We’ve reached the half-way point in the semester, which means that my students have turned in and received midterm grades (for this Tumblr archiving and contextualizing examples of digital death) and I have received my midterm course evaluations.  One of the requests for the second half of the semester is that the learning goals of the course be updated to reflect progress so far.  This has gotten me to thinking about what I’d *like* them to answer if faced with Caleb McDaniel’s (excellent) course eval question  – “what is the most important thing you have learned in this class?”
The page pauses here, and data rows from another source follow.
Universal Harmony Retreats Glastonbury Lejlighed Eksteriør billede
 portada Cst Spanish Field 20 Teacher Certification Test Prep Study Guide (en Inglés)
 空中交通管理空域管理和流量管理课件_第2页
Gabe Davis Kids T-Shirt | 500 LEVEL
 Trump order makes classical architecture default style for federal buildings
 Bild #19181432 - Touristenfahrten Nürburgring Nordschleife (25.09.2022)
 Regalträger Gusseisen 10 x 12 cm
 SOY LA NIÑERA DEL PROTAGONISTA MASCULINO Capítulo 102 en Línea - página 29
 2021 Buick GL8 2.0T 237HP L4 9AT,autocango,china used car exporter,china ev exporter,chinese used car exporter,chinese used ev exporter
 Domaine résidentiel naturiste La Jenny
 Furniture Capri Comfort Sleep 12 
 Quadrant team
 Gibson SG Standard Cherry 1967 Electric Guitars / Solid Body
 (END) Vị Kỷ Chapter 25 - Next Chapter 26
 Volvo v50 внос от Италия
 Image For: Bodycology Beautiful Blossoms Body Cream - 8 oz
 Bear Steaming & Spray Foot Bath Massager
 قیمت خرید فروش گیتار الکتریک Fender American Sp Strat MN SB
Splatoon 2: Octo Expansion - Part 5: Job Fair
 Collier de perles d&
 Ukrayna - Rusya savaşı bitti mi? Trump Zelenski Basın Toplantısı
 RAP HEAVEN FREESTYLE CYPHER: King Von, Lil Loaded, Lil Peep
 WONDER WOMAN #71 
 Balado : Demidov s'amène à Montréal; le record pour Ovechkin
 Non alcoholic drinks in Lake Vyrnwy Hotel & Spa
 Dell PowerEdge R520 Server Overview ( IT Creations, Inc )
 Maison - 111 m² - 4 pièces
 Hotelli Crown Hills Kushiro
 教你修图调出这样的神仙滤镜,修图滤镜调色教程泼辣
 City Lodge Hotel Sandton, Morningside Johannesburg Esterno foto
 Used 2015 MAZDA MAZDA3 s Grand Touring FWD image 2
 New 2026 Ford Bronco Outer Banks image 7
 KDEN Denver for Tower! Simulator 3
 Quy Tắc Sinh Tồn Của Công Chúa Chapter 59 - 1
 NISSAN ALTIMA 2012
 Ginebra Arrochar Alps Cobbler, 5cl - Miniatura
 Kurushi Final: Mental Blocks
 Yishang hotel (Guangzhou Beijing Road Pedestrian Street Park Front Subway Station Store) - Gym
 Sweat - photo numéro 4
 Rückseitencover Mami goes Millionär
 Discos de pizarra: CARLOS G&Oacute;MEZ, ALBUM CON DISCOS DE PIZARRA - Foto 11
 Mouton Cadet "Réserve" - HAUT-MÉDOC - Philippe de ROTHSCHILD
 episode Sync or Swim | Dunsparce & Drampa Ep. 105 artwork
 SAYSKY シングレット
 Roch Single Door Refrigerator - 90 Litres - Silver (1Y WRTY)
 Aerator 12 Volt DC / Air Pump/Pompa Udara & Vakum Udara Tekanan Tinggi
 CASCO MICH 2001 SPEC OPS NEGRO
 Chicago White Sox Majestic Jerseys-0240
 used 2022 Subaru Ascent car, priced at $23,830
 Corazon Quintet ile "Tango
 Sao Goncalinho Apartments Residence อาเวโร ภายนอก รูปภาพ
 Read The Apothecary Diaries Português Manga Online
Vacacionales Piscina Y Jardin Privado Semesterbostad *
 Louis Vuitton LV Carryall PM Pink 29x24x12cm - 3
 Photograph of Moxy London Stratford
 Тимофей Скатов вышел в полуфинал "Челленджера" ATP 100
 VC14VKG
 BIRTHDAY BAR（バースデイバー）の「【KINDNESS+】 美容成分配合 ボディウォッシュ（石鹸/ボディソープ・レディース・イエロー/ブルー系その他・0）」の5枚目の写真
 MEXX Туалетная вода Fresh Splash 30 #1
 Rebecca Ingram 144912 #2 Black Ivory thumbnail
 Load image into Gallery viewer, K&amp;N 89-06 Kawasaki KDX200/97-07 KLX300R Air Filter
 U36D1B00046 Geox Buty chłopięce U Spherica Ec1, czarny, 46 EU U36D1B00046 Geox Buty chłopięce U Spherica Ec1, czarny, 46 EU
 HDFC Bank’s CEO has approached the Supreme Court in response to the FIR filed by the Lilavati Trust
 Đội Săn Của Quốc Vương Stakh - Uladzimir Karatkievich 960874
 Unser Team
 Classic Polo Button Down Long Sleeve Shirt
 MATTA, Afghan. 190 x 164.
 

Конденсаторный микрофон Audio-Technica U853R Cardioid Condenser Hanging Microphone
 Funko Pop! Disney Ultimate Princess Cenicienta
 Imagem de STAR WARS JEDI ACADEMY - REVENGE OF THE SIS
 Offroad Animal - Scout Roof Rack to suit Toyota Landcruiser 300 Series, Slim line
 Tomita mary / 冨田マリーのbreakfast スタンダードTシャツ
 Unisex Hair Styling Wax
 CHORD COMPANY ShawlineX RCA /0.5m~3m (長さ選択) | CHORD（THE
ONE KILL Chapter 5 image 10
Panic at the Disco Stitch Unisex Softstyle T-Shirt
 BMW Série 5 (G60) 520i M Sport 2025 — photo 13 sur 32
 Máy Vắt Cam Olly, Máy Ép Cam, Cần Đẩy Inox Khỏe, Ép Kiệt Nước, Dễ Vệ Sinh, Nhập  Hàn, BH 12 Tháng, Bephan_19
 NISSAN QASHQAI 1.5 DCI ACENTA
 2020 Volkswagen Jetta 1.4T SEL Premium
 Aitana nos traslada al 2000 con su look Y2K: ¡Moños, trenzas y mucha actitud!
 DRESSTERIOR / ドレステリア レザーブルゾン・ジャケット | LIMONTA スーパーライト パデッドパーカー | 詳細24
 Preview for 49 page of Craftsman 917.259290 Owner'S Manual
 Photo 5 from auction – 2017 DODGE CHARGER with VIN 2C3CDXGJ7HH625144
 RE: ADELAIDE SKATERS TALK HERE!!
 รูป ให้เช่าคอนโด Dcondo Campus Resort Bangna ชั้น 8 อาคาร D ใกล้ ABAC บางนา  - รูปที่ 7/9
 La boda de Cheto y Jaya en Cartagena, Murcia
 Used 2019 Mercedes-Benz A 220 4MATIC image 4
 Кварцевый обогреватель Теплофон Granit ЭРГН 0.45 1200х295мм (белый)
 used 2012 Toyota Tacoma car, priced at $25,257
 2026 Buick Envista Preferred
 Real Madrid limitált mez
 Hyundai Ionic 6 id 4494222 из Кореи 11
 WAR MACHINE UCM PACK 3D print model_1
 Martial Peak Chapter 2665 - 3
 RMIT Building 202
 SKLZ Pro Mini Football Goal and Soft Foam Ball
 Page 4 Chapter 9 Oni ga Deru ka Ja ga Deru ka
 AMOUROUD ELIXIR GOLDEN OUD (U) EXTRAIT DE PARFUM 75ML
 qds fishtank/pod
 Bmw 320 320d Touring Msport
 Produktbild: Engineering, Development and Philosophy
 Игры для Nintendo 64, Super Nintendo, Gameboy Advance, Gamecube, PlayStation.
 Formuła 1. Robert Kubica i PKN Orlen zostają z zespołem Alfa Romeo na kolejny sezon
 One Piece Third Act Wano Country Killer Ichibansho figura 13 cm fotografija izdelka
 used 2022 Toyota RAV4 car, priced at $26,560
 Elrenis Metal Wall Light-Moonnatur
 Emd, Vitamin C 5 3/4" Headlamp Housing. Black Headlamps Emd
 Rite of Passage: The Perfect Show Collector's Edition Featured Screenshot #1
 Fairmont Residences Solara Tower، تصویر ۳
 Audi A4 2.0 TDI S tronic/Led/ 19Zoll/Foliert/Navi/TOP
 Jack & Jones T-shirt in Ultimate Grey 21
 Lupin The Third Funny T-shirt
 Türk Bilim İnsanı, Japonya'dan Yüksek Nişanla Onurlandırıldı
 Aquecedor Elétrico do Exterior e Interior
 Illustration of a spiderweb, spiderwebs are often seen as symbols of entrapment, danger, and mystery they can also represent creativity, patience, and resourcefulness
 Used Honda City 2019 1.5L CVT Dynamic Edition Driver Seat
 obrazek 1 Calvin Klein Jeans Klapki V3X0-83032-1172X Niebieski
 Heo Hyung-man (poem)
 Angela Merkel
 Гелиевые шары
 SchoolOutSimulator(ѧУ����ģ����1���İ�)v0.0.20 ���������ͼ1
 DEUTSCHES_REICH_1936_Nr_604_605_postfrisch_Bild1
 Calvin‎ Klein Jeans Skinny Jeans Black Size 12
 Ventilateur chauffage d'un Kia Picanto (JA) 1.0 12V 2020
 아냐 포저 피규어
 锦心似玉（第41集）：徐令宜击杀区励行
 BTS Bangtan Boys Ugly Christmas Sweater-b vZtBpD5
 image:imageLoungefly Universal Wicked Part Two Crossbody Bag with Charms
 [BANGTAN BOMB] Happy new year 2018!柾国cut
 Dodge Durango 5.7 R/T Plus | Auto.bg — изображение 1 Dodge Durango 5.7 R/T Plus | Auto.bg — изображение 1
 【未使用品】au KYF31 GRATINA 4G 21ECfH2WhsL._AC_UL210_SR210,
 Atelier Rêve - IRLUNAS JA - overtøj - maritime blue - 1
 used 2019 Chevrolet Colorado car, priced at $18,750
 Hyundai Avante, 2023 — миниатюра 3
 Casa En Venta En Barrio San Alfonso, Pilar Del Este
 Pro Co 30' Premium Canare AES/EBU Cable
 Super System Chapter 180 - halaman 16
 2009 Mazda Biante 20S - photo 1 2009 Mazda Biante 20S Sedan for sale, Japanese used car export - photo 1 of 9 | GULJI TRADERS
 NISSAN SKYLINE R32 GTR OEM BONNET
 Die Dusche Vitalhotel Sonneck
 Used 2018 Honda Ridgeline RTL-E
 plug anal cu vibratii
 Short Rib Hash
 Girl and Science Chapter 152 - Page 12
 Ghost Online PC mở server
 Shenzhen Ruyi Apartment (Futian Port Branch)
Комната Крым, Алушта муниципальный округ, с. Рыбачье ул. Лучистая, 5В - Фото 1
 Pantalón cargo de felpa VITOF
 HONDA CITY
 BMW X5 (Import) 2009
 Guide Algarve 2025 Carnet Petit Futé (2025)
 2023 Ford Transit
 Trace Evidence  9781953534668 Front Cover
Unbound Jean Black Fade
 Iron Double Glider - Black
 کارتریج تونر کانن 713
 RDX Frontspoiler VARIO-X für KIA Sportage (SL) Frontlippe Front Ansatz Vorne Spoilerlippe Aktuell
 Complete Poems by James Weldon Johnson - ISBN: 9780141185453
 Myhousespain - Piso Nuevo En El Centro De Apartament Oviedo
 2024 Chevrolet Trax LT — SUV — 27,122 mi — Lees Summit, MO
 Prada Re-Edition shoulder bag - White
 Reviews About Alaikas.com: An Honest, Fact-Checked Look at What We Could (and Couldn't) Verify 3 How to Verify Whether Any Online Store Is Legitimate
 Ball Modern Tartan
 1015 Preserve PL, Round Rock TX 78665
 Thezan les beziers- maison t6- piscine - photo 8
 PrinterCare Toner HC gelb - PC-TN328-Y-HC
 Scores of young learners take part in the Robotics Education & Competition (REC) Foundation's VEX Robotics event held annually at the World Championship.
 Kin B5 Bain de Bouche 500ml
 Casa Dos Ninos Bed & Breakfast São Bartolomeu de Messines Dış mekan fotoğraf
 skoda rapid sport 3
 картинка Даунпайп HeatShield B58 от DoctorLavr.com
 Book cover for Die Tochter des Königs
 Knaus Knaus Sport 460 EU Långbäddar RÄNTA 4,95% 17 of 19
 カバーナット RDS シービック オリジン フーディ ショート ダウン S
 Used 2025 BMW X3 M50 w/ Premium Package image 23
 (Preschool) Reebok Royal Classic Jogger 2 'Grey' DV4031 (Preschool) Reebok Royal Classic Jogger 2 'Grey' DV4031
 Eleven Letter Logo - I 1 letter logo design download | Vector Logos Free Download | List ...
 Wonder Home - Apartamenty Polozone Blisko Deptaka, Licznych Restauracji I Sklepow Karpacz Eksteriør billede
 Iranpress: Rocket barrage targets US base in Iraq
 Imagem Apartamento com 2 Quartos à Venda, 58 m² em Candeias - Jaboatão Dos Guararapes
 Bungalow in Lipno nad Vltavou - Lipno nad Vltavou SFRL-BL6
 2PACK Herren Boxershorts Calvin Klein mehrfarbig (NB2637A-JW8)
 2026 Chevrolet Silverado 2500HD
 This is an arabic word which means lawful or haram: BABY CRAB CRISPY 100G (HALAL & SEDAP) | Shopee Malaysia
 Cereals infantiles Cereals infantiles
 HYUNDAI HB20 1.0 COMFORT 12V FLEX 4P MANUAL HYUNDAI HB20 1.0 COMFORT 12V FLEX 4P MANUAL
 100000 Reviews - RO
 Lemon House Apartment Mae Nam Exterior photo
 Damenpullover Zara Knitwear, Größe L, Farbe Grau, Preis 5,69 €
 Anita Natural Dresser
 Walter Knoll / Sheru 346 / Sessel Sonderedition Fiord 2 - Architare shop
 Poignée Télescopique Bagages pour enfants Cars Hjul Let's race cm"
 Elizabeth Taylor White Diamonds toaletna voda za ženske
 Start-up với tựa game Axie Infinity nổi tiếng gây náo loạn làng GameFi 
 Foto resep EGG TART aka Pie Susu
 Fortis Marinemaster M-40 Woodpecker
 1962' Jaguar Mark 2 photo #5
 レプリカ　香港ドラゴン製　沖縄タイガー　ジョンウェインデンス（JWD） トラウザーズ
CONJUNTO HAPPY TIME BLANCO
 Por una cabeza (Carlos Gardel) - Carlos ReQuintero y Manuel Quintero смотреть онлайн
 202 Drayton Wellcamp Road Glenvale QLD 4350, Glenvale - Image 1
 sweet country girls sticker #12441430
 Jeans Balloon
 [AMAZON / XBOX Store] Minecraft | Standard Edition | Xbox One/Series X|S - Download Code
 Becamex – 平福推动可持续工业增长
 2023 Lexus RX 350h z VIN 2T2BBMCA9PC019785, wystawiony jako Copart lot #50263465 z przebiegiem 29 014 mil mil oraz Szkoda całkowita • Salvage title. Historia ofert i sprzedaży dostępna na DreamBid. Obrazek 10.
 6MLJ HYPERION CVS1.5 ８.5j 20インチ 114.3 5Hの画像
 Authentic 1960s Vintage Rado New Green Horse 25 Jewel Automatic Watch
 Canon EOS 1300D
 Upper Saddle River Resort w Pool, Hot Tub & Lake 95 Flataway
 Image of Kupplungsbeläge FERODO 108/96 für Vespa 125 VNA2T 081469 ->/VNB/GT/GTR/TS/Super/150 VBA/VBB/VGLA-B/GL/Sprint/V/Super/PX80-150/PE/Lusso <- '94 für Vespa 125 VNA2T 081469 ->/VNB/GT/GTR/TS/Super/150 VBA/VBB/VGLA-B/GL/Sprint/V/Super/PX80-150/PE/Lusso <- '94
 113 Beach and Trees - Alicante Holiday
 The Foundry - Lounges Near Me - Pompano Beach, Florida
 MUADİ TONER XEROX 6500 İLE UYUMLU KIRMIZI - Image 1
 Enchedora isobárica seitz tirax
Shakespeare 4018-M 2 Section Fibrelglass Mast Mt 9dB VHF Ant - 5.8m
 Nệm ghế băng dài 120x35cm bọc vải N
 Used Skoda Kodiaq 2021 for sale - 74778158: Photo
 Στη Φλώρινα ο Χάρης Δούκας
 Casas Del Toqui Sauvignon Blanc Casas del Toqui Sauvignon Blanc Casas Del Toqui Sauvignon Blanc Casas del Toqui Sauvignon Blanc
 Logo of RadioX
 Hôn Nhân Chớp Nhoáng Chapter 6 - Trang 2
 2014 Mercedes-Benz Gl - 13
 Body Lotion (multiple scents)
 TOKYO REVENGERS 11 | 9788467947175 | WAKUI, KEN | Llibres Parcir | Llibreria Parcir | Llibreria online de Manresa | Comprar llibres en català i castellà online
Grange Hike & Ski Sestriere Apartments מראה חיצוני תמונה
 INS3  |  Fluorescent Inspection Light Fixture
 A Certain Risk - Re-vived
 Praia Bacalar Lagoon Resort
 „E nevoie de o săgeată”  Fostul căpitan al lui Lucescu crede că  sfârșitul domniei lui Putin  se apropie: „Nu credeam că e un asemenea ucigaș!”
For me, one of the most important theme of the semester has been the ways in which structures of power and inequality play out, even in death.  This should come as no surprise.  Power, deployed through assumptions and expectations about gender, class, race and more, shapes most aspects of our lives.  It is in no way shocking that it might also shape our deaths.

These structures of death and inequality were made visible in a field trip we took today to the Christian Aid Society cemetery.  This block of land – carved out of the farm of a local elite in the early 20th century – contains graves that date back to the early 1910s, but is also a still functioning grave yard.  Most of those interred here are African American, and while some worked for the college, it is not official college space.  It is an evocative place – the stones are not ordered in neat rows, and more than a few are marked “unknown” or with the small metal plaques that funeral homes leave as temporary stand-ins for gravestones, but which remain the only identifier for years-old graves.

Christian Aid Society Marker

Christian Aid Society Cemetery

This cemetery stands in marked contrast to the space owned by Davidson College, which is reserved for those affiliated with the College.  As a result, without any overt policy of class or racial segregation, it is space in which overwhelmingly white and elite people are interred.

Davidson College Cemetery

While I hope that these students leave the semester with a better grasp of how theory has practical application, with some understanding of what it means to memorialize and learn, I hope that one of the biggest take-homes will be about the ways in which structural inequalities manifest in death and how those inequalities in turn shape the production of historical sources, the curation of archives, the preservation of some materials, and the neglect of others.